[Extracted data entries]
□ □ □ □ □

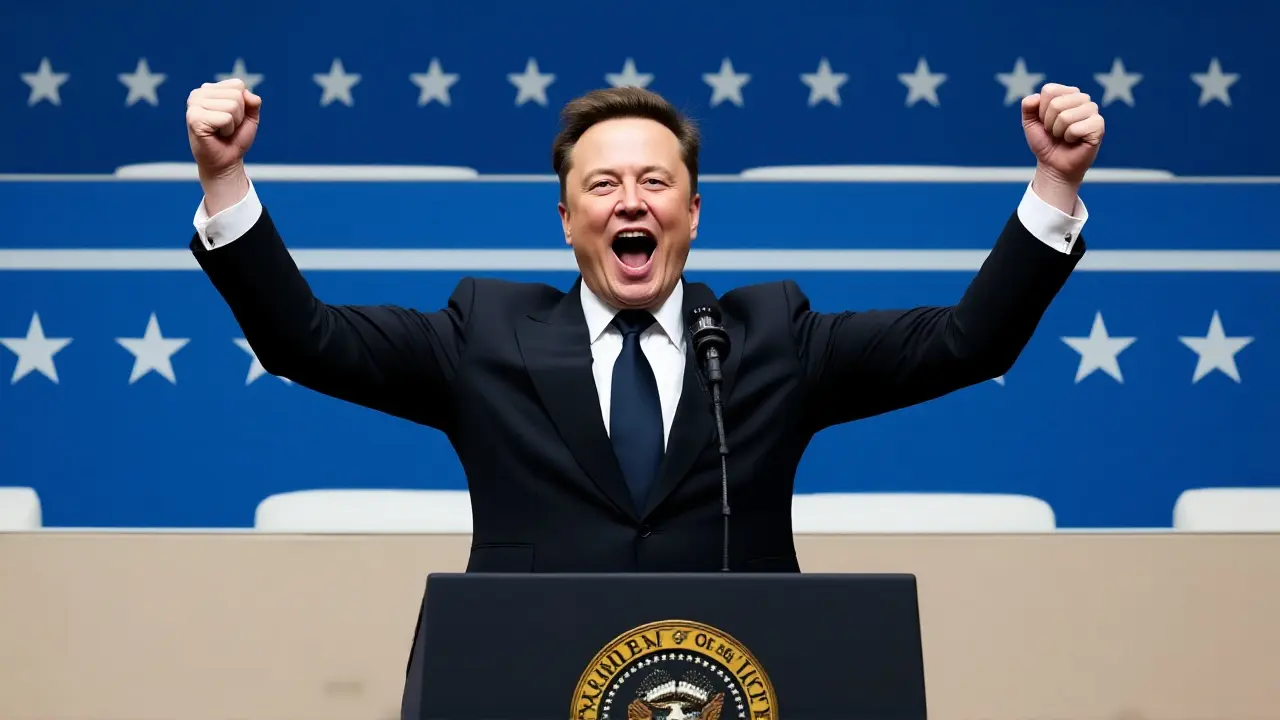 Elon Musk’s Net Worth Hits $638 Billion as SpaceX Values at $800 Billion, Trillionaire Path Clear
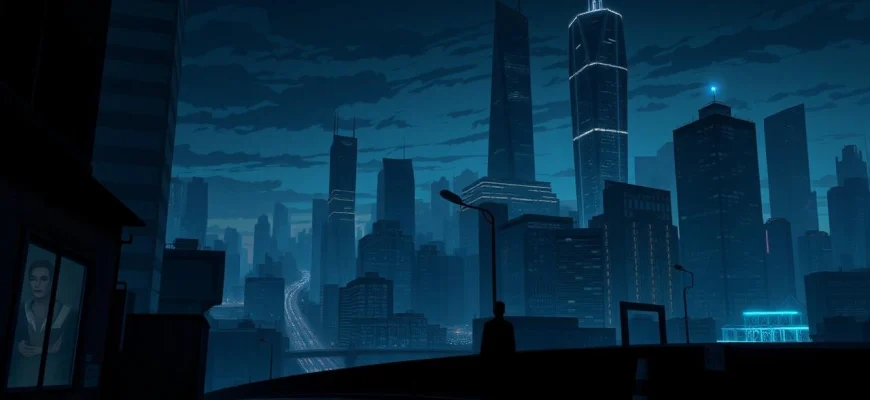 10 Movies and Shows Similar to The Gateway (2018)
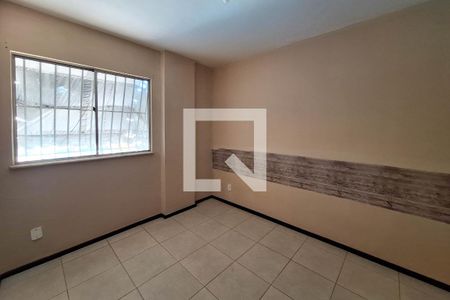 Quarto 2 de apartamento para alugar com 2 quartos, 50m² em Engenhoca, Niterói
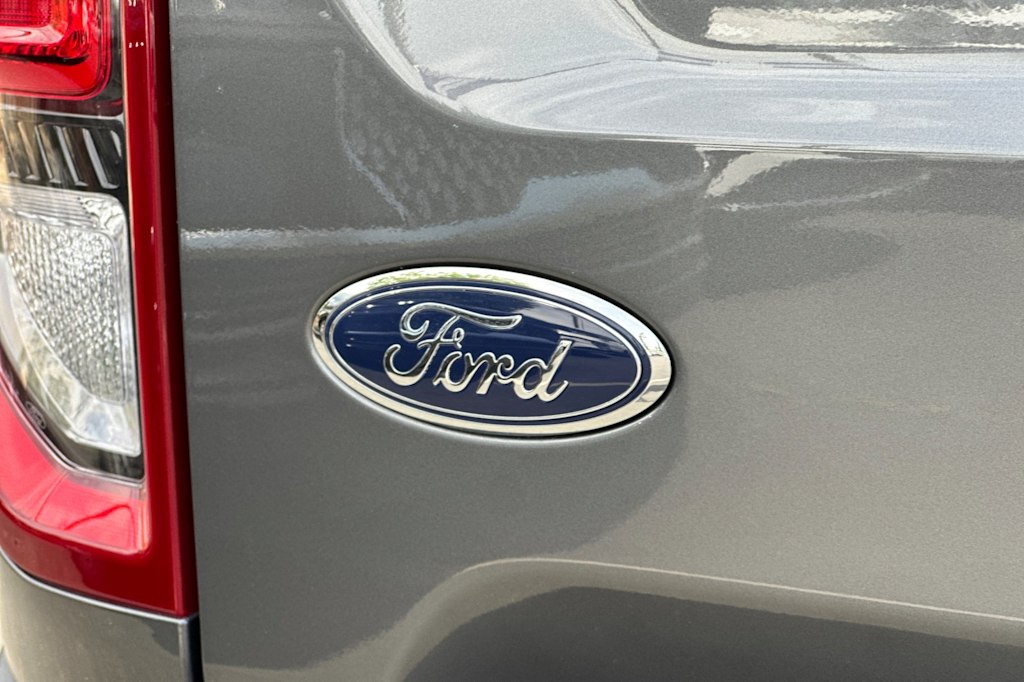 Thumbnail: 2023 Ford Bronco Sport - 7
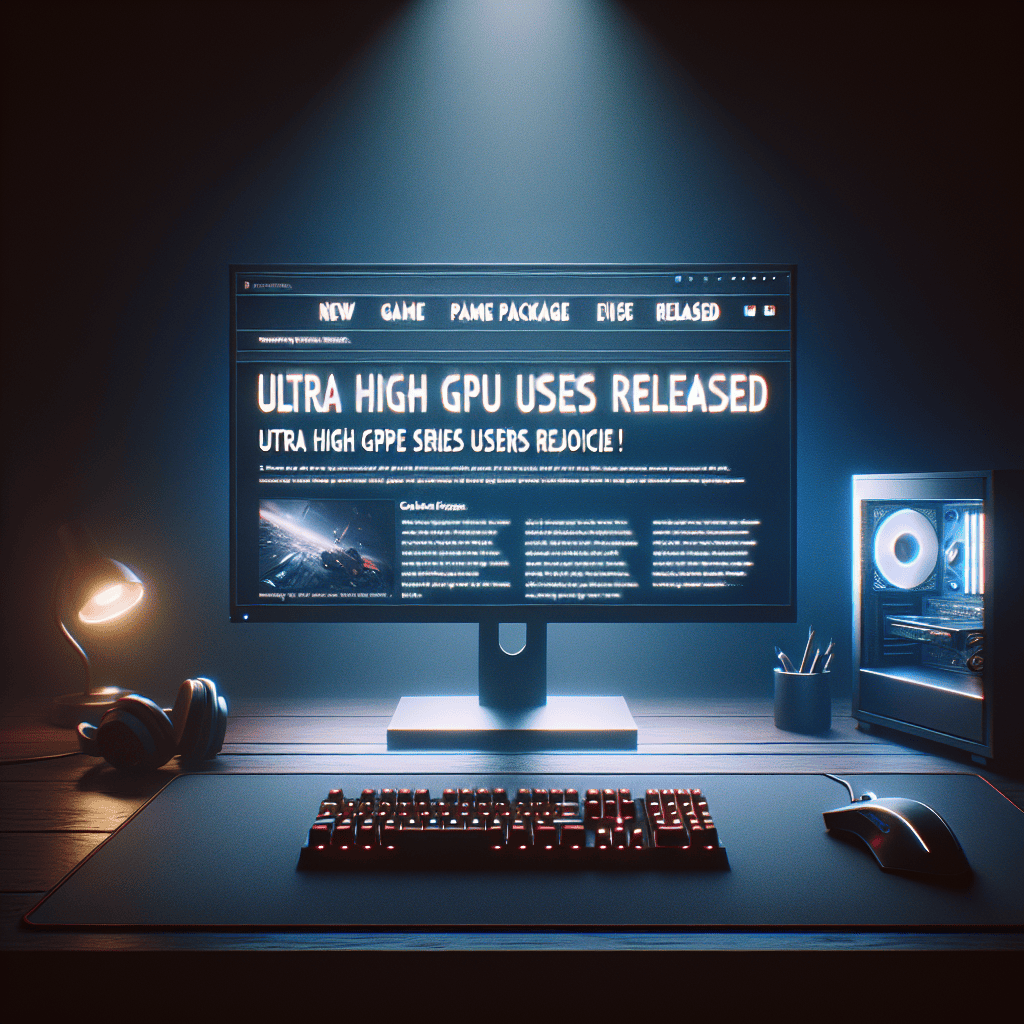 Ubisoft Unveils PC Specs for Assassin's Creed Shadows – RTX 4000 Series Users Rejoice!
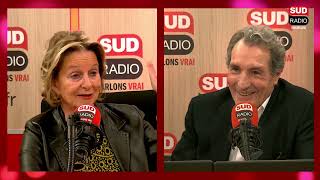 Pour ou contre contre leuthanasie en France  Avec Marie de Hennezel [upl. by Eidnew]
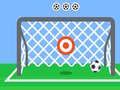 ゲーム驚くべきサッカーオンライン
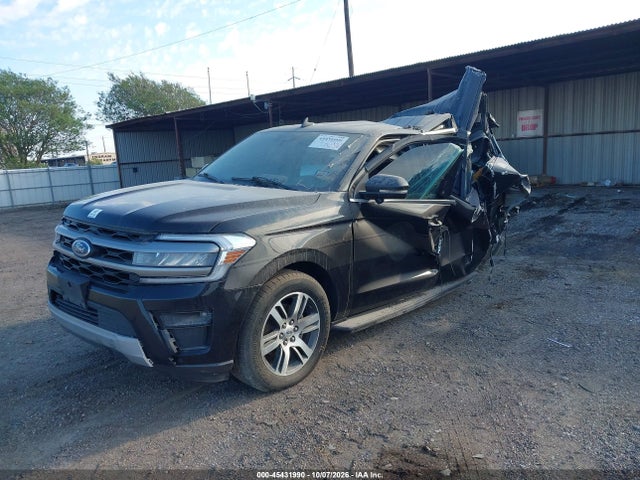 Продаж на аукціоні авто 2024 Ford Expedition Xlt Max, vin: 1FMJK1H80REA43876, номер лоту: 45431990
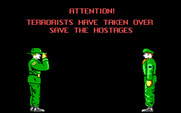 Boot Camp for IBM PC/Compatibles - Time now for a real mission!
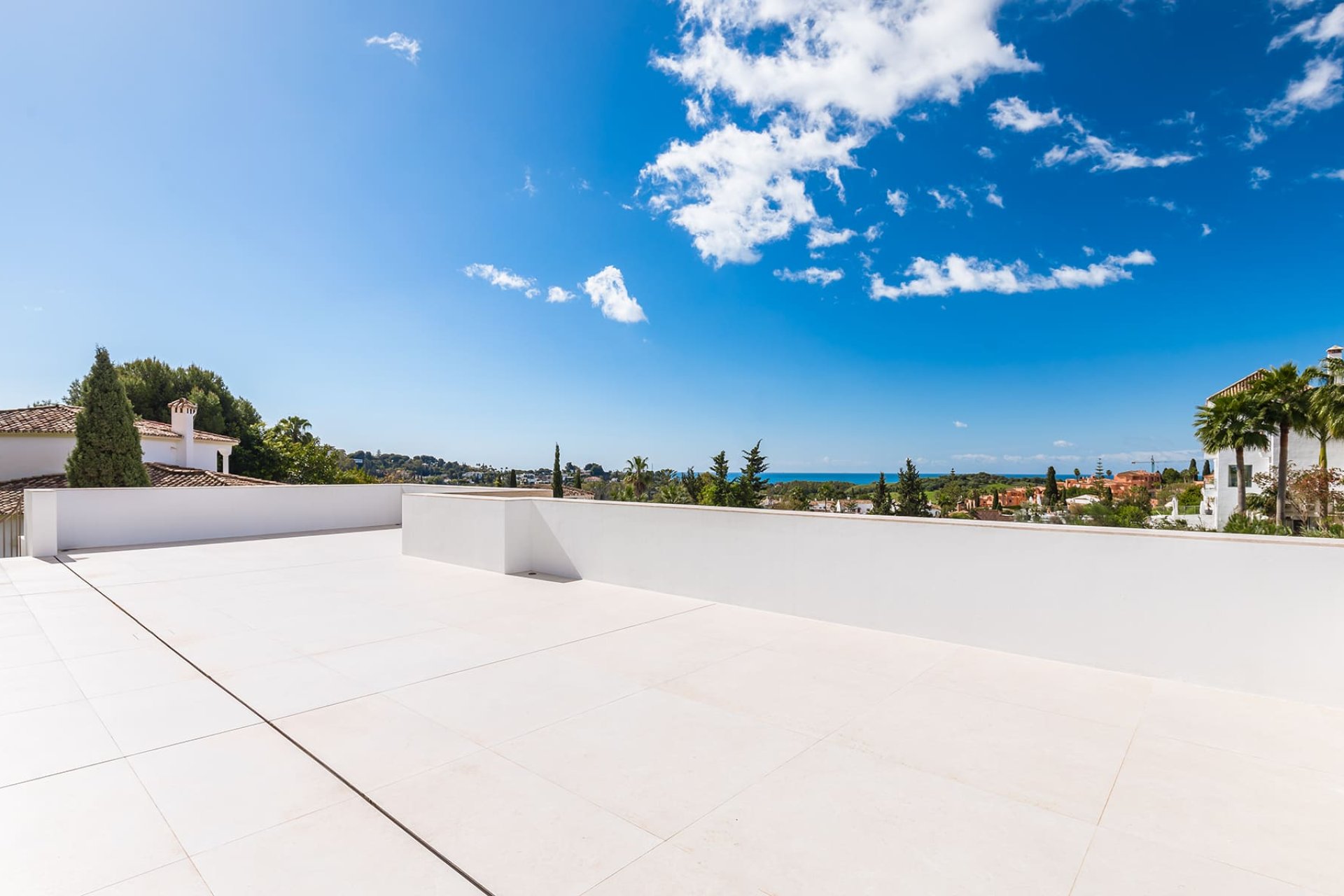 Nieuwbouw Woningen - Villa - Cortés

□ □ □ □ □

Activity
Exactly the lines from the one that contains "ゲーム驚くべきサッカーオンライン" through the final line of the records above are needed, given again word for word, with every picture left out.

Solution to this task
 ゲーム驚くべきサッカーオンライン
 Продаж на аукціоні авто 2024 Ford Expedition Xlt Max, vin: 1FMJK1H80REA43876, номер лоту: 45431990
 Boot Camp for IBM PC/Compatibles - Time now for a real mission!
 Nieuwbouw Woningen - Villa - Cortés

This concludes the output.